Indeed, nearly two dozen Israeli companies went public on capital markets or via SPAC mergers so far this year, including Monday.com’s Nasdaq IPO in June at a post-money valuation of $6.8 billion, SimilarWeb’s New York Stock Exchange (NYSE) IPO in May, and WalkMe’s IPO on the Nasdaq, also in June. The SPAC boom included Ironsource’s merger deal with Thoma Bravo Advantage at a valuation of approximately $11.1 billion, Israeli-founded online payments startup Payoneer’s $3.3 billion SPAC merger, and Israeli content recommendation firm Taboola’s SPAC merger with ION Acquisition Corp and trade on the Nasdaq at a valuation of $2.6 billion.
“These companies, especially those that went public in the US, completed their IPO at very high valuations, and most raised their valuation following the IPO,” added Rimon. We anticipate this trend to continue in the near future, albeit possibly more moderately than in the first half of 2021.”

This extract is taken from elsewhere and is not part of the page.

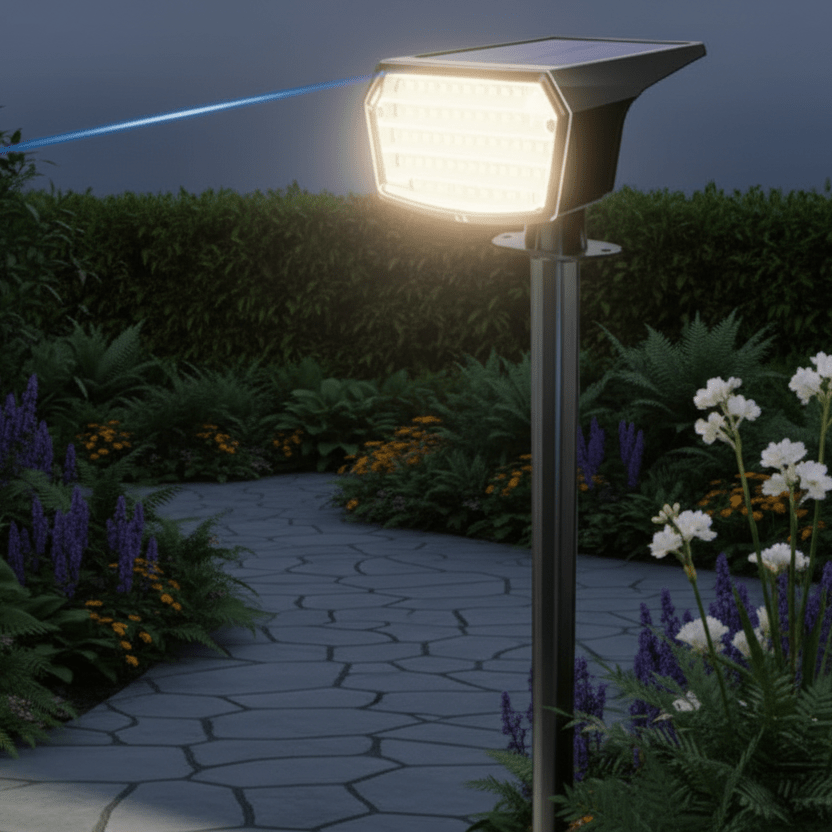 HELLWEG – Solar LED floodlight with long-lasting battery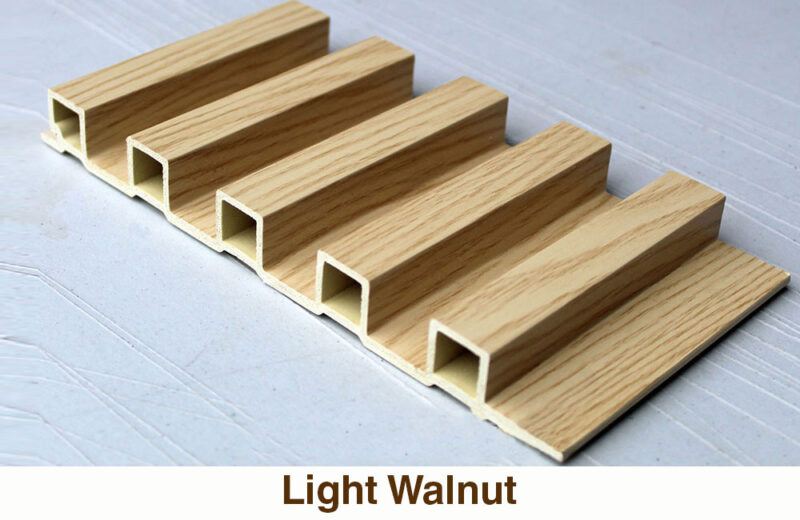 PVC Wall Panels (Light Walnut Color)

Itay Frishman, also a partner at Meitar said: “The Startup Nation wants to be a scale-up nation. Companies in Israel try to [keep up with] their counterparts in Silicon Valley. All those unicorn companies, including those that went public, will have to prove they deserve their high valuation.”
“Until recently most Israeli companies were sold or evaluated based on dreams and promises. Today, the Israeli high-tech market is ready for the next phase. The final outcome will be tested in the coming years. The future will determine if what we see is the real thing,” said Frishman.
M&As in H1 2021
The Israeli high-tech M&A deals in the first half of 2021 amounted to about $4 billion, a rate that was similar to 2020, which also saw a decline, said the report.

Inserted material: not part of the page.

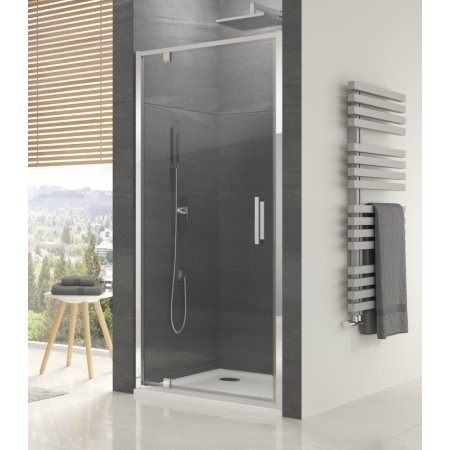 Ronal Sanswiss Ocelia OCEP Drzwi prysznicowe uchylne 80x190 cm, profile srebrny połysk szkło przezroczyste Aquaperle OCEP0805007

The three big acquisitions in 2021 so far were MyHeritage’s acquisition by Francisco Partners for $600 million; Prospera’s acquisition by Valmont for $300 million, and VDOO’s acquisition by JFrog, also for $300 million.

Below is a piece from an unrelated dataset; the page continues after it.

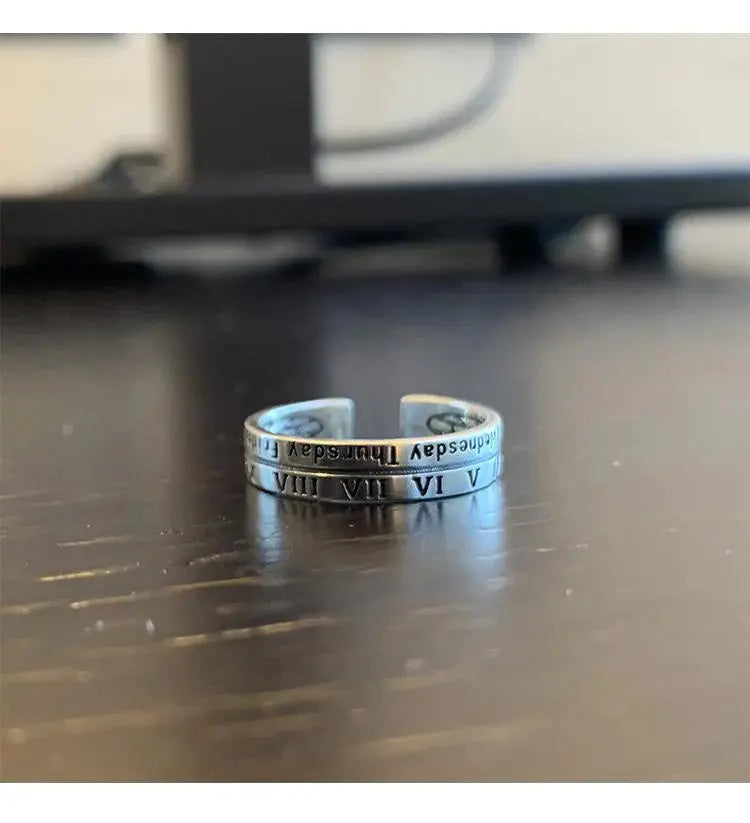 Roman Numerals Ring ArtsKoreanMan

The low number and total value of M&As in the first half of 2021 is an expected result of the exits activity for the Israeli tech sector, said Shira Azran, a partner at Meitar.
“First, companies are able to raise significant capital at high valuations and prefer this over a sale. This is an outcome of the increase in the share of US growth and private equity funds in tech investments in Israel, deploying significant capital amounts into companies. Second, we see the patience and trust of investors in the ability of companies to reach high valuations and realize their investment in the capital markets and not necessarily through M&As,” she explained.